In these cases the argument item will have the value Foo. You can also set that later after the initiation if you wish so (in another task using the Task argument or Session).


And I think I understand what you are after: sort of creating states in the task. At least you could pass a mutable object as the parameter and modify that if you don't use execution="process". Alternatively, if the task itself represents sort of a state (like fetch data) you could just use rocketry.args.Return.

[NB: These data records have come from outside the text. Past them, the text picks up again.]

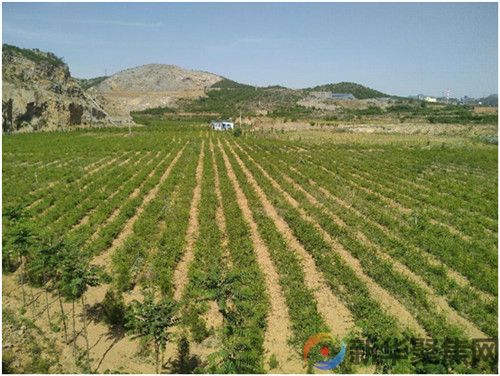 科学种植连翘，开辟连翘种植新模式，  实现连翘产业新价值(图2)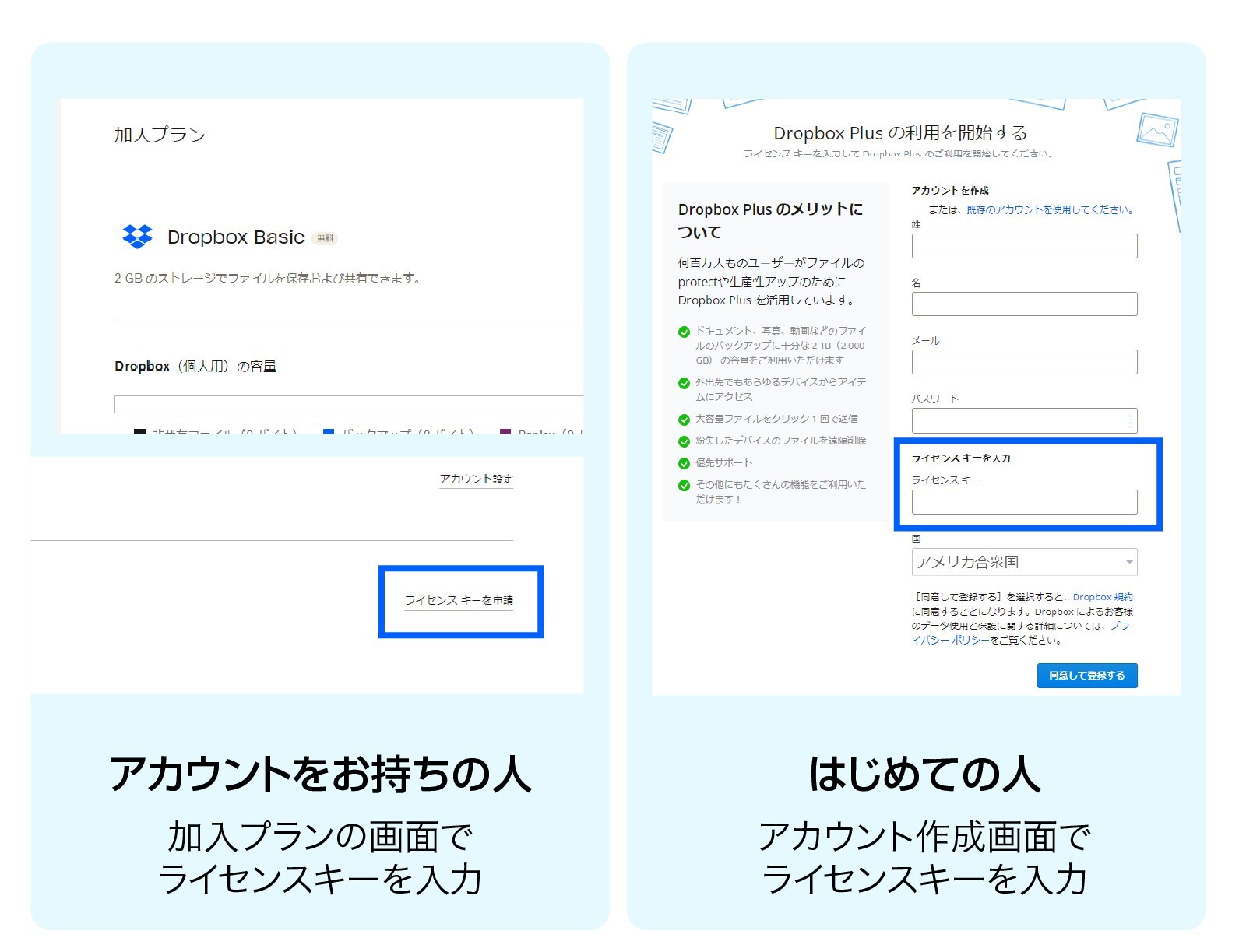 入力画面の画像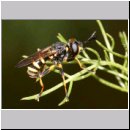 Conops flavipes - Dickkopffliege m08.jpg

Maybe there could be room for this sort of an argument. Maybe a Namespace which materializes to a simple namespace object.


Also as you seem to be interested in the args/parameter mechanics more. Those are quite undocumented as well (as the library is so vast that it's a full time job to write documentations) but I inherently it was simple: just pass this dict as parameters to this task (function). But then multiprocessing complicated the issue and I needed a way to "materialize" the arguments. Not everything is pickled so I needed a way to "stage" the value of a parameter to make it in a form that can be pickled and then when the process has started, the argument is "materialized" (turned to the actual value). This is relevant for some use cases:


There are also some aspects that I'm not sure whether they fit the current idea of the library. Currently, all of the session parameters are passed to tasks that have their names in the argument signature and not sure if that's maybe too flexible. I can show this later what I mean.

But it seems docs are indeed slightly off with the SimpleArg. Thanks for spotting!